DATA:

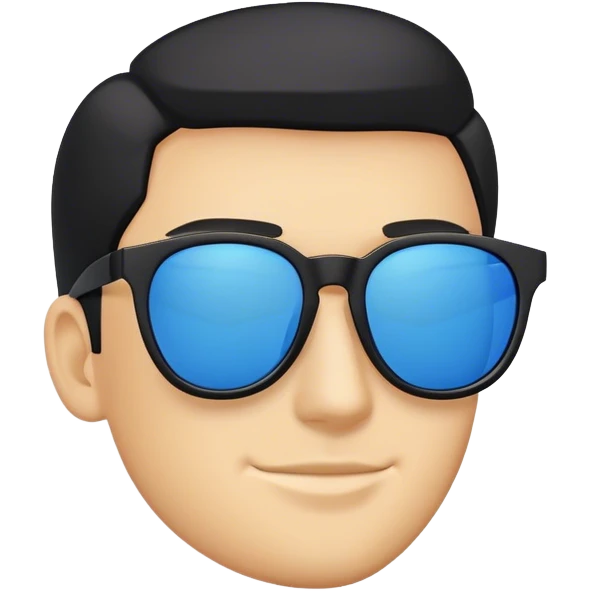 A stylish sunglasses with a bold, modern design, featuring blue lenses and a matte black frame, perfect for a sleek and trendy look. emoji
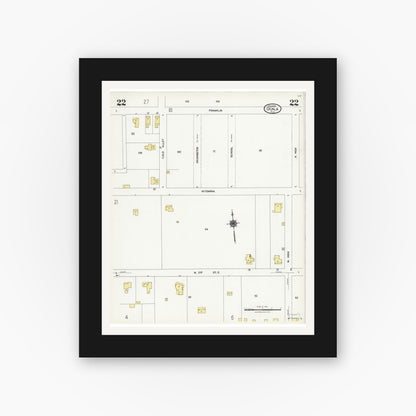 Old map wall art mockup — black gallery frame with white mat — Sanborn Fire Insurance Map from Ocala, Marion County, Florida (1924), Sheet #0022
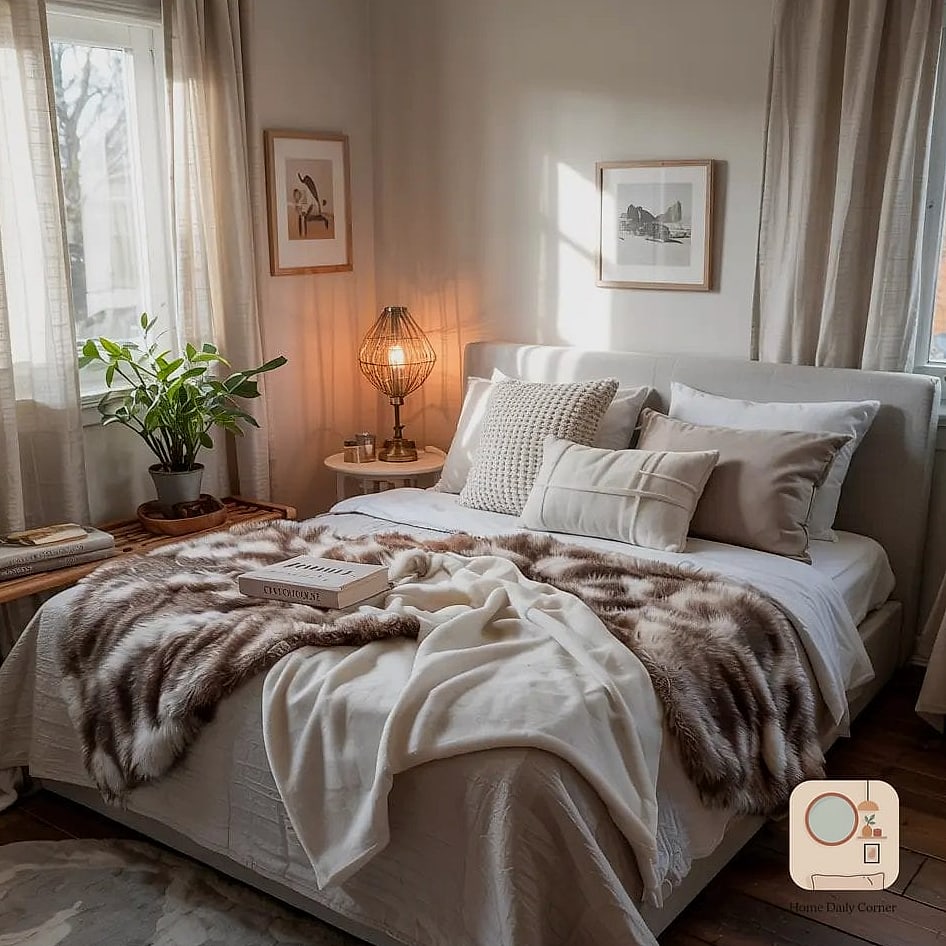 17 Cozy Bedroom Ideas Designs You Need to See Right Now 9 Plush Area Rug Layered Over Carpet or Hardwood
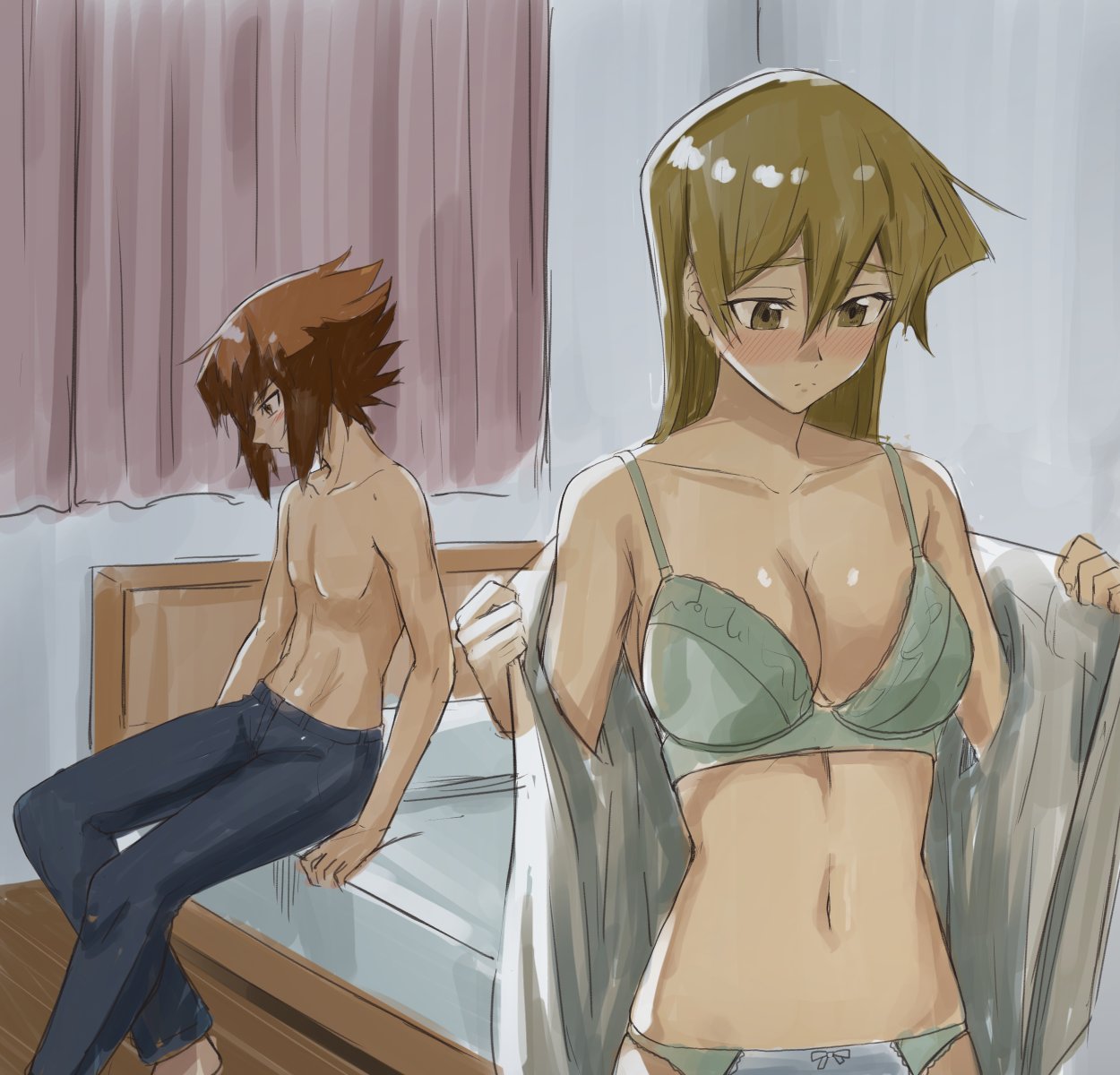 1boy 1boy1girl 1girls alexis_rhodes amber_eyes blonde_hair brown_hair cleavage imminent_sex jaden_yuki large_breasts shirtless_male tenjouin_asuka topless_male undressing yu-gi-oh! yu-gi-oh!_gx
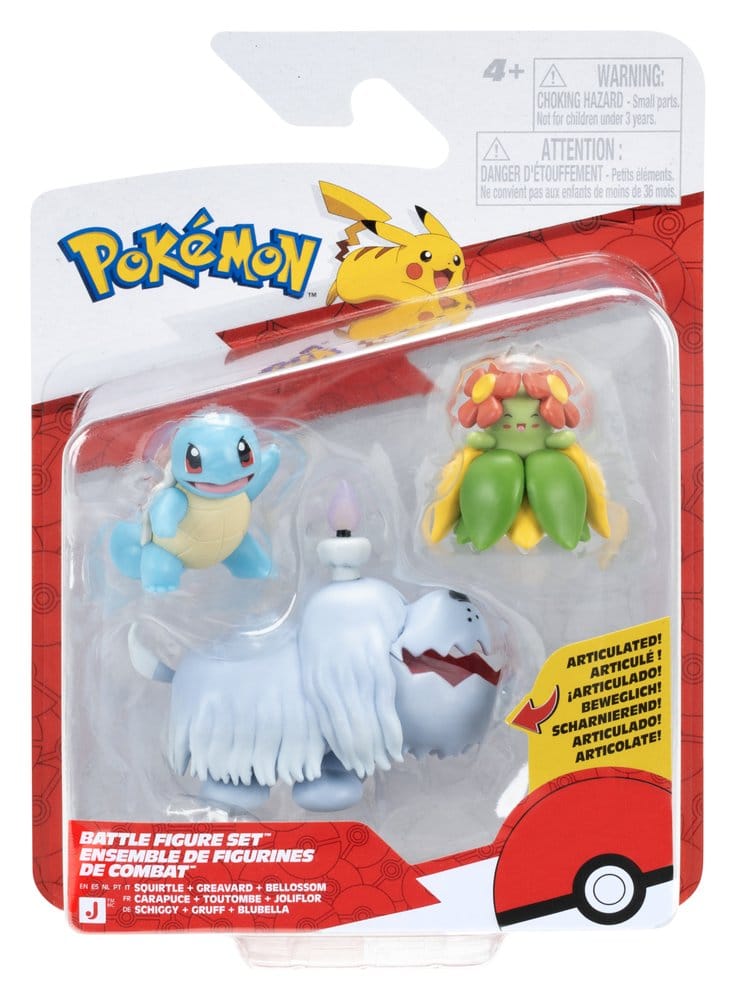 Pokémon Battle Figure 3-Pack Squirtle, Greavard & Bellossom 5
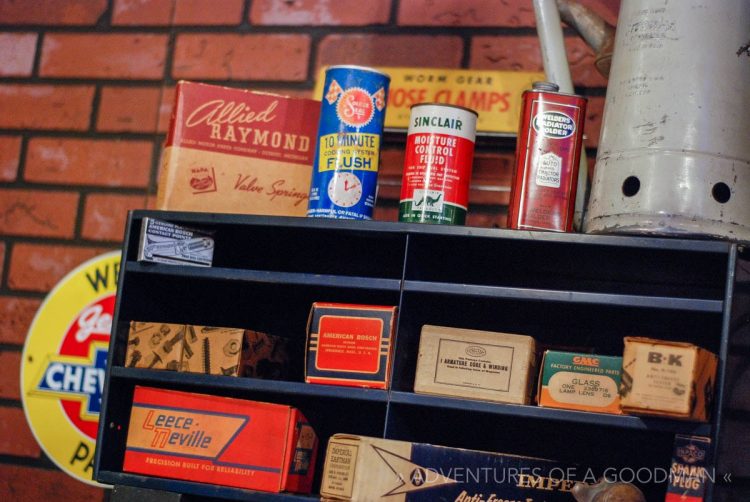 Classic oil cans and service station parts at the Route 66 Museum in Clinton, Oklahoma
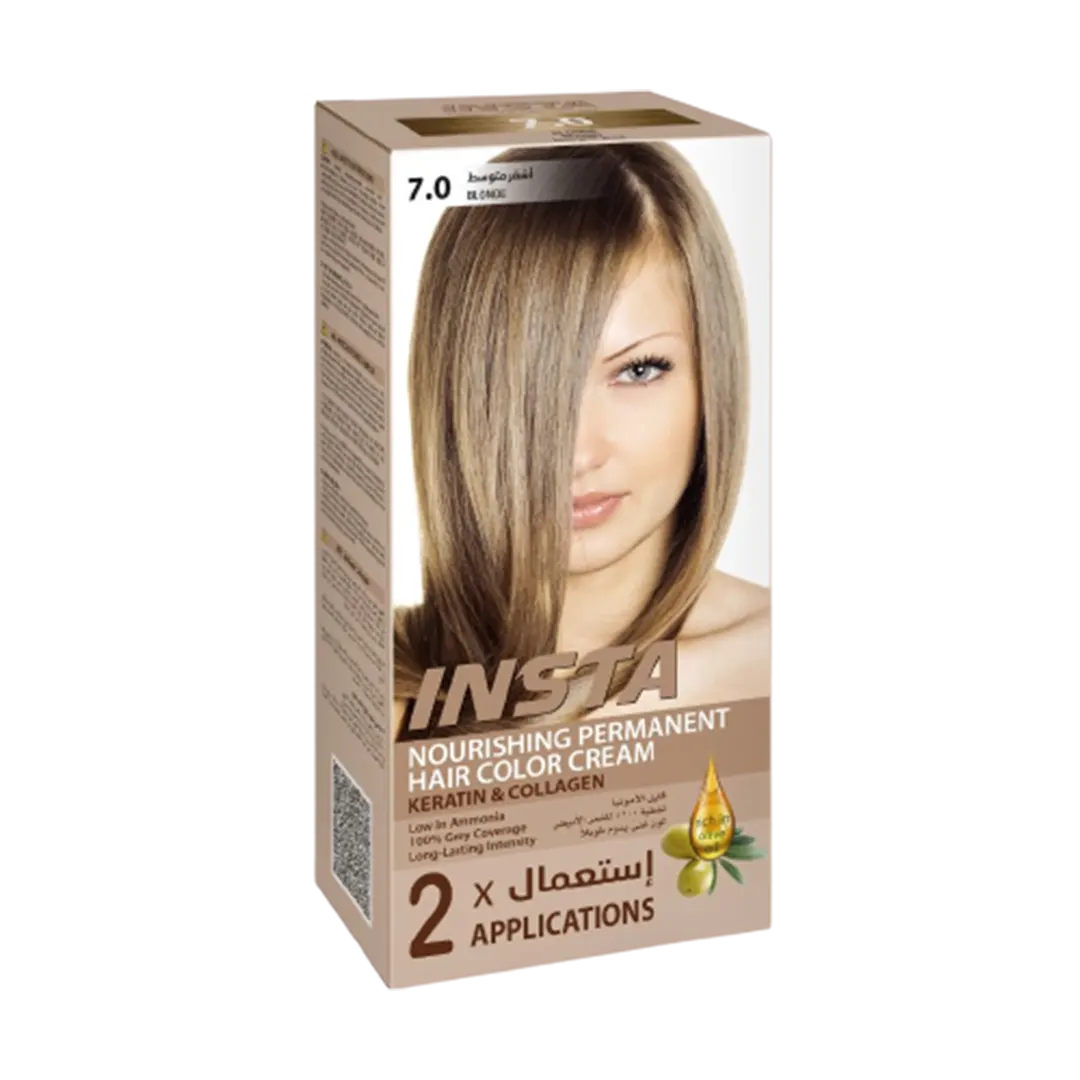 Insta Nourishing Permanent Hair Color Cream Keratin & Collagen - 110ml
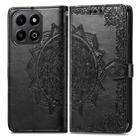 For Honor 200 Smart Mandala Flower Embossed Leather Phone Case(Black) - 2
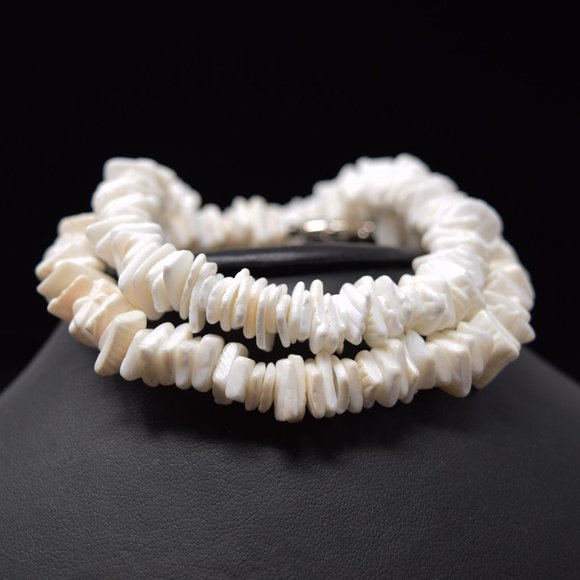 2 Puka Shell Bracelet Chipped Sea Shell 8" Unisex Surf Sand Hula Beach Barrel - Picture 7 of 7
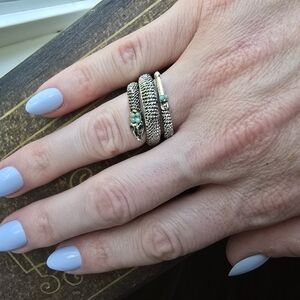 Silver Snake Ring with Turquoise Accents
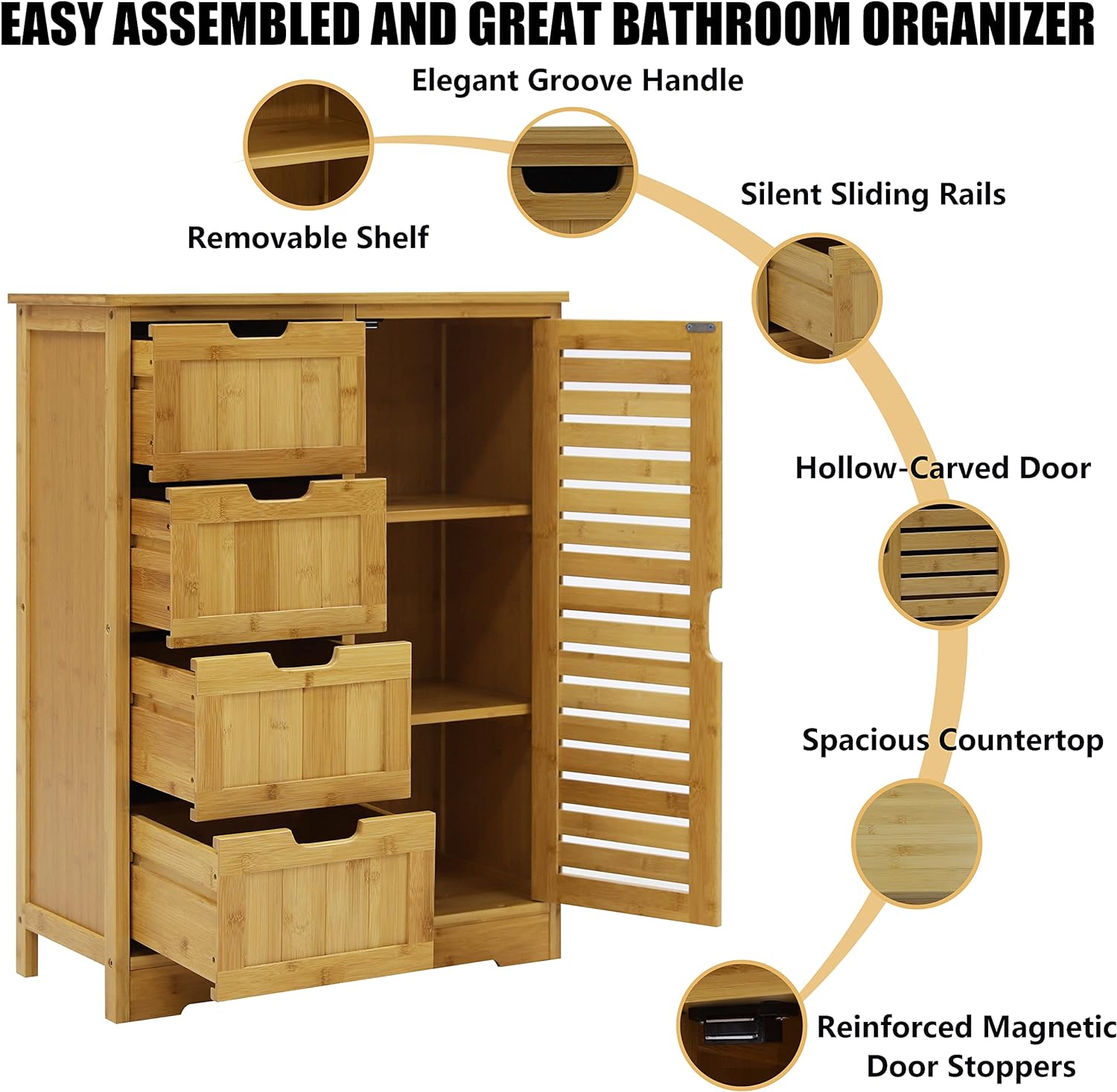Armario de almacenamiento pequeño de bambú con 4 cajones y 1 armario toalla de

TASK ITEM:
Everything in the records above should be printed again exactly, except the pictures.

RESPONSE FOR THIS EXERCISE:
 A stylish sunglasses with a bold, modern design, featuring blue lenses and a matte black frame, perfect for a sleek and trendy look. emoji
 Old map wall art mockup — black gallery frame with white mat — Sanborn Fire Insurance Map from Ocala, Marion County, Florida (1924), Sheet #0022
 17 Cozy Bedroom Ideas Designs You Need to See Right Now 9 Plush Area Rug Layered Over Carpet or Hardwood
 1boy 1boy1girl 1girls alexis_rhodes amber_eyes blonde_hair brown_hair cleavage imminent_sex jaden_yuki large_breasts shirtless_male tenjouin_asuka topless_male undressing yu-gi-oh! yu-gi-oh!_gx
 Pokémon Battle Figure 3-Pack Squirtle, Greavard & Bellossom 5
 Classic oil cans and service station parts at the Route 66 Museum in Clinton, Oklahoma
 Insta Nourishing Permanent Hair Color Cream Keratin & Collagen - 110ml
 For Honor 200 Smart Mandala Flower Embossed Leather Phone Case(Black) - 2
 2 Puka Shell Bracelet Chipped Sea Shell 8" Unisex Surf Sand Hula Beach Barrel - Picture 7 of 7
 Silver Snake Ring with Turquoise Accents
Armario de almacenamiento pequeño de bambú con 4 cajones y 1 armario toalla de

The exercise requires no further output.